Operating System - HP-UX
1826639 Members
3194 Online
109695 Solutions
New Discussion

Re: SG A11.17 CMAPPLYCONF gives io errors.

 
SOLVED
Go to solution
Chiel Voswijk
Occasional Advisor

SG A11.17 CMAPPLYCONF gives io errors.

Hi There,

somehow and suddenly we get IO ERRORS during CMAPPLYCONF.
Does anybody know how to solve this problem.
HP advised to install patch PHSS_33840 but did not help.
We know by deleting the culster and rebuild it.
It will be solved then...but for how long???

hereby the output

Checking cluster file: /etc/cmcluster/clprd2.ascii
Checking nodes ... Done
Checking existing configuration ... Done
Gathering storage information
Found 24 devices on node hvudhg31
Found 24 devices on node hvudhg32
Found 24 devices on node hvudhg33
Analysis of 72 devices should take approximately 2 seconds
0%----10%----20%----30%----40%----50%----60%----70%----80%----90%----100%
Found 6 volume groups on node hvudhg31
Found 6 volume groups on node hvudhg32
Found 6 volume groups on node hvudhg33
Analysis of 18 volume groups should take approximately 1 seconds
0%----10%----20%----30%----40%----50%----60%----70%----80%----90%----100%
Gathering network information
Beginning network probing (this may take a while)
Completed network probing
Checking for inconsistencies
Modifying configuration on node hvudhg31
Modifying configuration on node hvudhg33
Modifying configuration on node hvudhg32

Modify the cluster configuration ([y]/n)? y
Marking/unmarking volume groups for use in the cluster
Unable to copy file to hvudhg31: I/O error
Unable to copy file to hvudhg32: I/O error
Unable to copy file to hvudhg33: I/O error
Unable to copy file to hvudhg33: I/O error
Unable to copy file to hvudhg31: I/O error
Unable to copy file to hvudhg32: I/O error
Unable to apply the configuration change: Permission denied
. Check the syslog file(s) for additional information.
cmapplyconf: Unable to apply the configuration

Regards
Chiel

13 REPLIES 13
IT_2007
Honored Contributor

Re: SG A11.17 CMAPPLYCONF gives io errors.
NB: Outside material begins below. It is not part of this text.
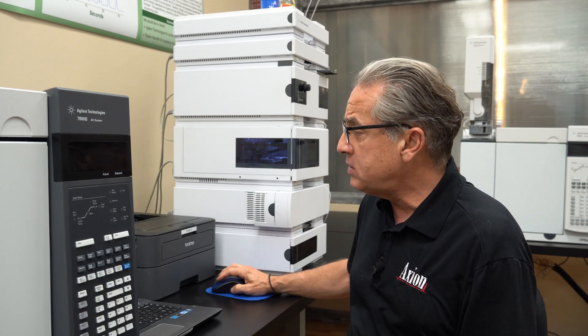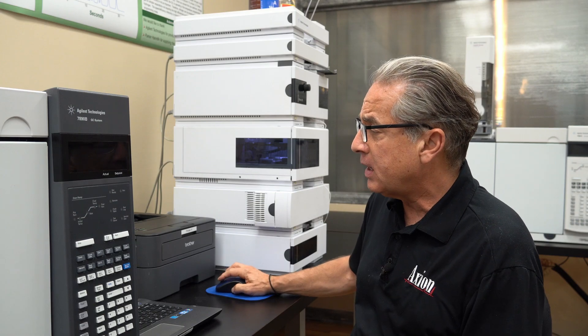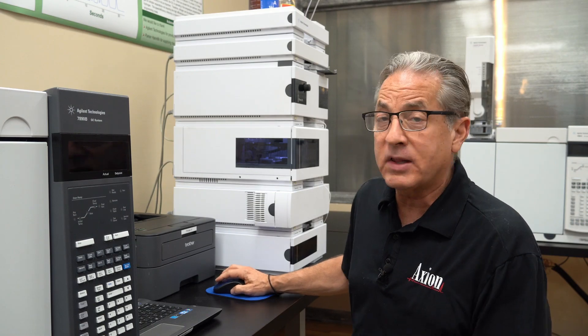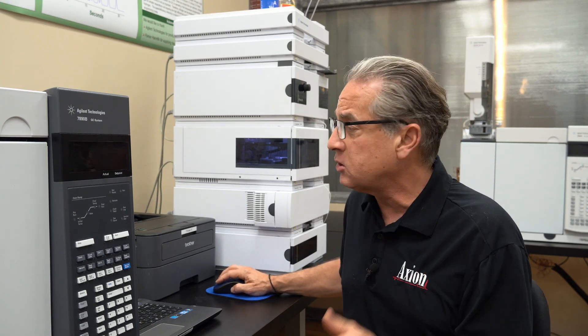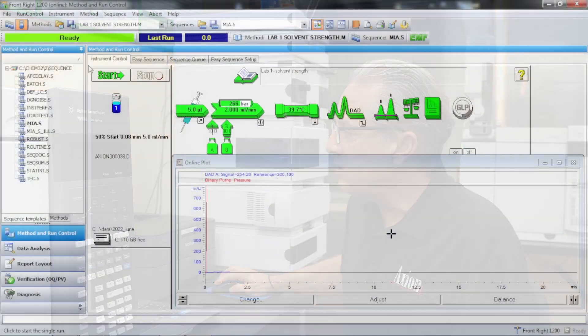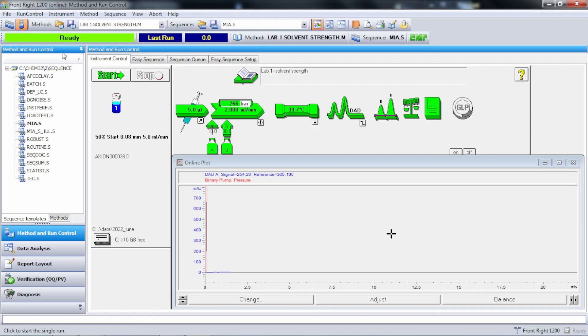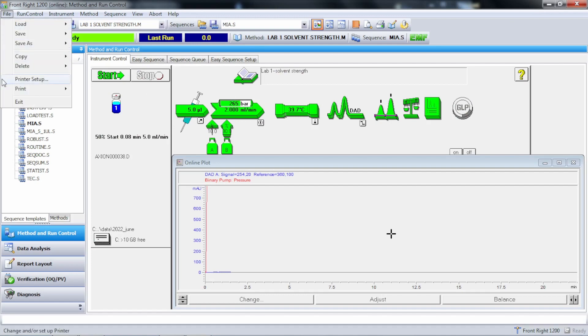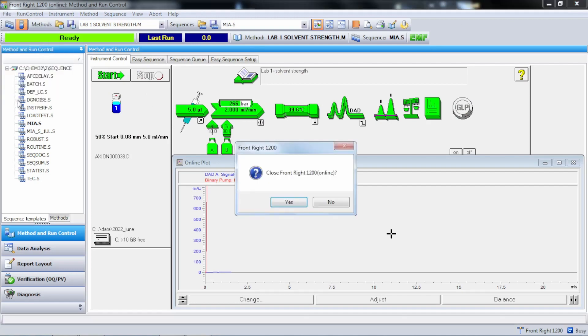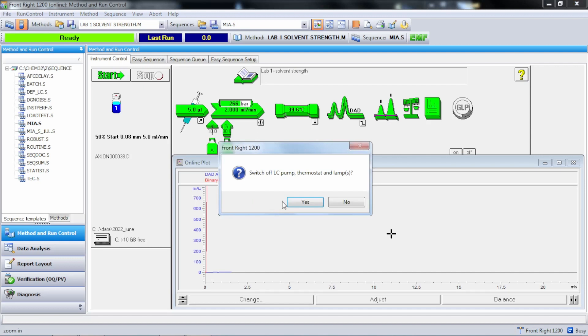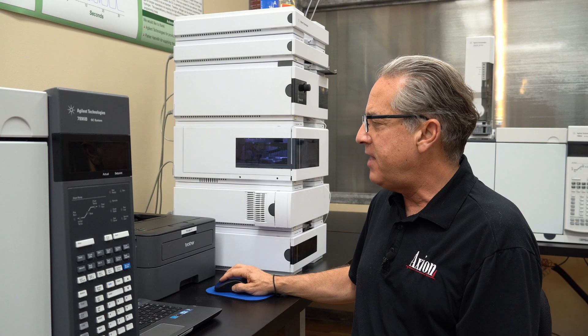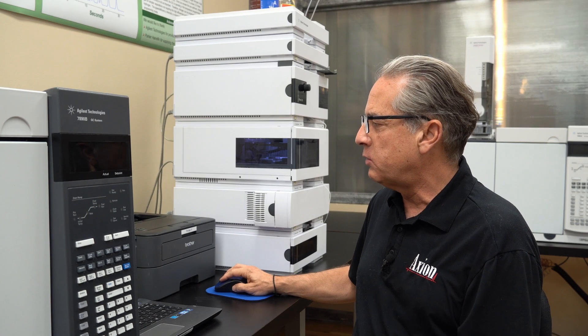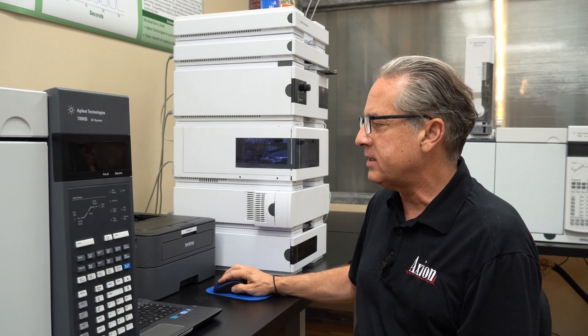So to use that software, first thing, it's called Agilent Lab Advisor. You get it for free from the Agilent website, but you first have to close out of ChemStation. And the reason is you can't have two devices controlling the instrument at the same time. We're going to leave the pump on and the detector on, and that's going to allow us to run these detector tests.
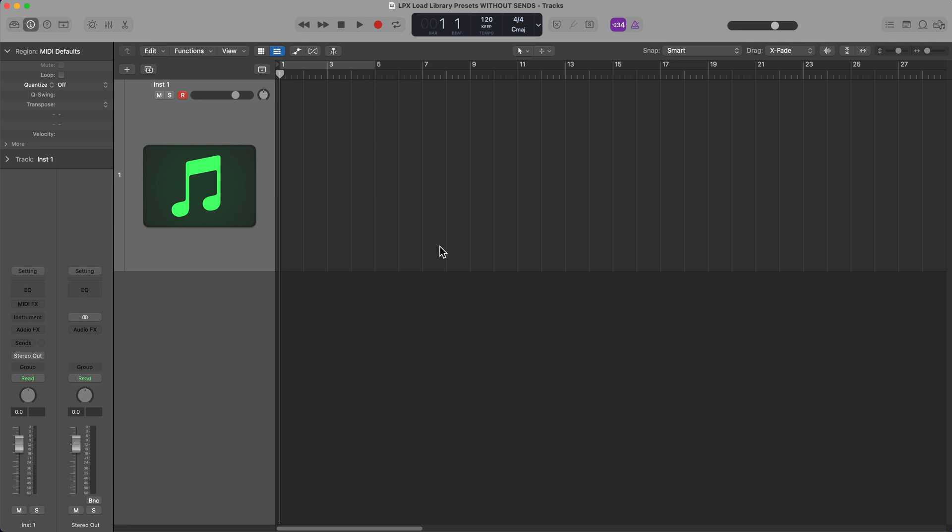Hey everyone, this is Music Tech Help Guy, and in this Logic Pro Quick Tip video, I'm going to show you how to load up instrument presets without preset sends, buses, and aux track routing.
Unable to copy file to hvudhg31: I/O error
Unable to copy file to hvudhg32: I/O error
Unable to copy file to hvudhg33: I/O error
Unable to copy file to hvudhg33: I/O error
Unable to copy file to hvudhg31: I/O error
Unable to copy file to hvudhg32: I/O error
Unable to apply the configuration change: Permission denied
==============================

Check hvudhg31, 32 and 33 servers for permissions on /etc/cmcluster directory and files in it.

Also check syslog for any I/O errors. Do you have any Hardware issues?
Chiel Voswijk
Occasional Advisor

Re: SG A11.17 CMAPPLYCONF gives io errors.

The syslog has no errors on Hardware.
The packages are on EVA4000 SAN. No isseus there either.

The rights on /etc/cmcluster are:

drwxr-xr-x 28 bin bin 8192 Sep 21 11:31 cmcluster

All the files inside on root:sys

Strange thing is that before Patching PHSS_33840 we could copy the Cluster config files to another node and Apply from there without problems. Now on all three nodes we have the same error.

Thanks
Chiel
freddy_21
Respected Contributor

Re: SG A11.17 CMAPPLYCONF gives io errors.

Hello Chiel,
maybe try to move cmclconfig file to another directory and try to run cmcpplyconf again. Maybe your cmclconfig file corrupted.


thanks
freddy
IT_2007
Honored Contributor

Re: SG A11.17 CMAPPLYCONF gives io errors.

After applying patch did you try to stop and restart entire cluster with packages?

What modification are you trying to do the cluster config file?
Chiel Voswijk
Occasional Advisor

Re: SG A11.17 CMAPPLYCONF gives io errors.

Freddi,

The hvudlg33 is our master configuration server for serviceguard (MOTHER).
On what nodes should this move be done???
All???

IT-2007,

No...we upgraded SG per node.
So cmhaltpkg -> cmhaltnode -> Patch.

The change in the ascii file was to add some monitor and full control users. Something we have done more then once.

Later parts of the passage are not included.